> [DATA EXTRACT]
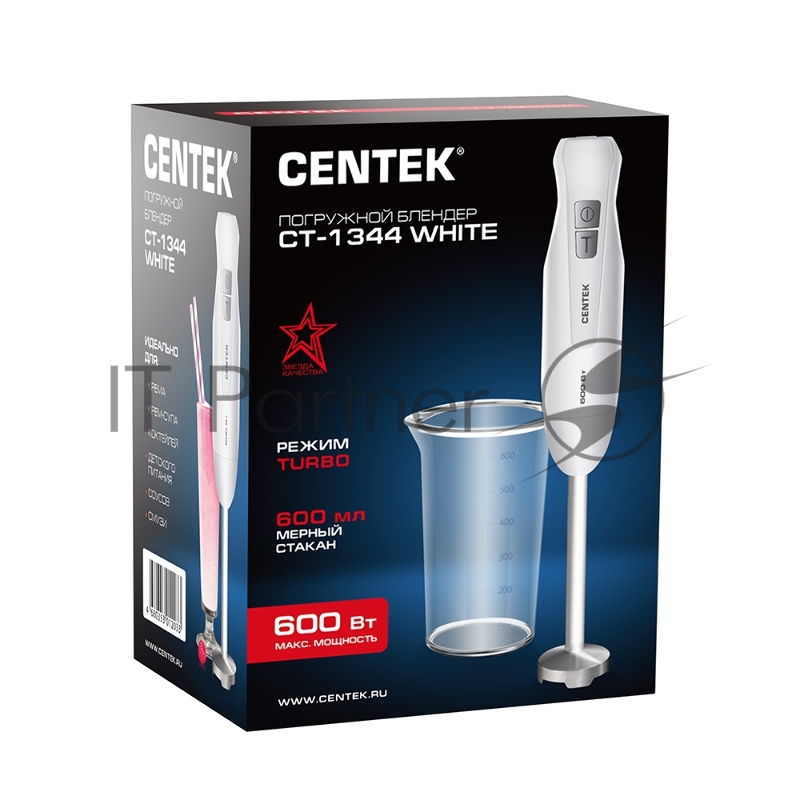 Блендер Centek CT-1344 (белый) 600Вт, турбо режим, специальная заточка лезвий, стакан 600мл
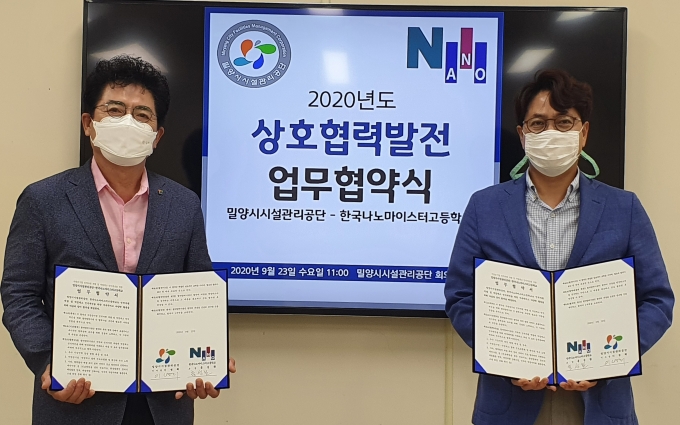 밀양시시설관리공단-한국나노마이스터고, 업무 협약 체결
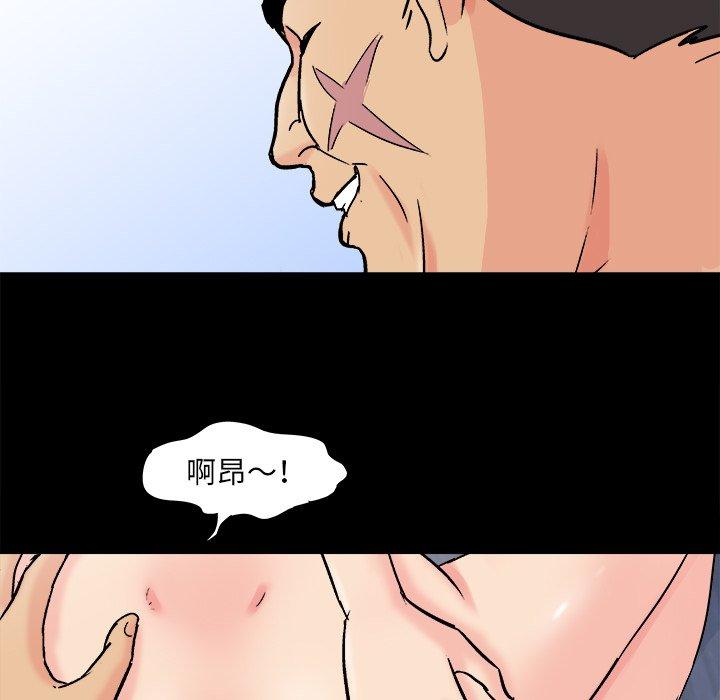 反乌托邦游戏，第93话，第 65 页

> [TRY IT] Omitting all pictures, set the listing down exactly.

> [SOLVED PROBLEM]
 Блендер Centek CT-1344 (белый) 600Вт, турбо режим, специальная заточка лезвий, стакан 600мл
 밀양시시설관리공단-한국나노마이스터고, 업무 협약 체결
 反乌托邦游戏，第93话，第 65 页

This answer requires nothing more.